Anaiara estava aos cuidados da Justiça, enquanto a polícia procurava localizar sua mãe. Encontrou-a finalmente num barraco à beira da rodovia. Terminara o drama, podia-se esperar, da mãe e da criança. No barraco, a mãe de vinte e dois anos, casada desde os doze, recebeu a notícia do encontro da filha. Não sei qual sua reação. Os jornais disseram apenas que ela não queria de volta a filha. Não a queria de volta, porque não tinha como a criar, samaritana à beira da estrada, abandonada pelo último dos muitos homens de sua curta vida.
Anaiara Camila de Jesus, que será de você? Só espero que não condene sua mãe que não a quis. Que pelo menos não a condene como a maior culpada. Você ainda não compreende este nosso mundo. Falamos muito das crianças, temos até uma semana da criança, mas ainda não temos solução para casos como o seu e o de sua mãe lá no barraco à beira da rodovia. E, para dizer a verdade, parece que temos coisas mais importantes a resolver, como a liberação sexual, a liberdade para a pornografia, a derrubada de tabus. É, a derrubada de normas que deveriam evitar a repetição de casos como o seu, Anaiara.

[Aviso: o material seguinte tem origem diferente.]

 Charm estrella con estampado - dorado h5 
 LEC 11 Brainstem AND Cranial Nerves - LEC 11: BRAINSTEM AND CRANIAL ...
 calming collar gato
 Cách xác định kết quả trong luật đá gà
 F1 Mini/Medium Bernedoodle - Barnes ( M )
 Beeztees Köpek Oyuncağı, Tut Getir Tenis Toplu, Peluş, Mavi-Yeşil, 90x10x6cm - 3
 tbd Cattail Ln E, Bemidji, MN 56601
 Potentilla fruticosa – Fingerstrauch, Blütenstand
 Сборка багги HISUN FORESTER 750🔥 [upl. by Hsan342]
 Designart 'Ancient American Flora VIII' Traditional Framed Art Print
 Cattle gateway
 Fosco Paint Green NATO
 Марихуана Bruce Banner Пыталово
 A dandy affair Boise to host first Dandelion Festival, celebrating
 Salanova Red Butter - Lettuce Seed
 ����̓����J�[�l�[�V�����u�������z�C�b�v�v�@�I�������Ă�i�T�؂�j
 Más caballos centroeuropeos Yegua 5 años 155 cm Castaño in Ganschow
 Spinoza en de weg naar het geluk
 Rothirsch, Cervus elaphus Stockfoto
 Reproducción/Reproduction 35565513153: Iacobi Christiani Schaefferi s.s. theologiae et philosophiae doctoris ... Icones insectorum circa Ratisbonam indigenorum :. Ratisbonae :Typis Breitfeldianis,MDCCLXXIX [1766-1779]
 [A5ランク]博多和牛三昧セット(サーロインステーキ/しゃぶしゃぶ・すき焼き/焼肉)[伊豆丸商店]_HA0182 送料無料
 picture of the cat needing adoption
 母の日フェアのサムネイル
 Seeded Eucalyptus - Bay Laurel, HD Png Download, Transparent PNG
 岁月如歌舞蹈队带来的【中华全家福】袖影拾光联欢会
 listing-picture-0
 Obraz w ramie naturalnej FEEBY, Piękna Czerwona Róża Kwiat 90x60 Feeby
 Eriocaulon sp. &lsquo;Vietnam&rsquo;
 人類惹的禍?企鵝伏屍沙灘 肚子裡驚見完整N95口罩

Não, não condene sua pobre mãe antes de conhecer melhor este nosso mundo. Pelo menos ela deixou que você nascesse. Outras não chegam a tanto. Se você não puder mesmo deixar de condenar, condene a todos nós, responsáveis por este mundo para onde você chegou há tão pouco tempo. Todos somos responsáveis, uns mais outros menos, ainda que geralmente o procuremos negar. Anaiara Camila, que será de você? Ou melhor: deixaremos que você seja alguém? De uma coisa você pode estar certa: neste ano ainda teremos a semana da criança. E no outro também, e logo teremos preparada para você uma instituição qualquer de recuperação. A menos que haja coisa mais importante a fazer. Ou que um milagre aconteça.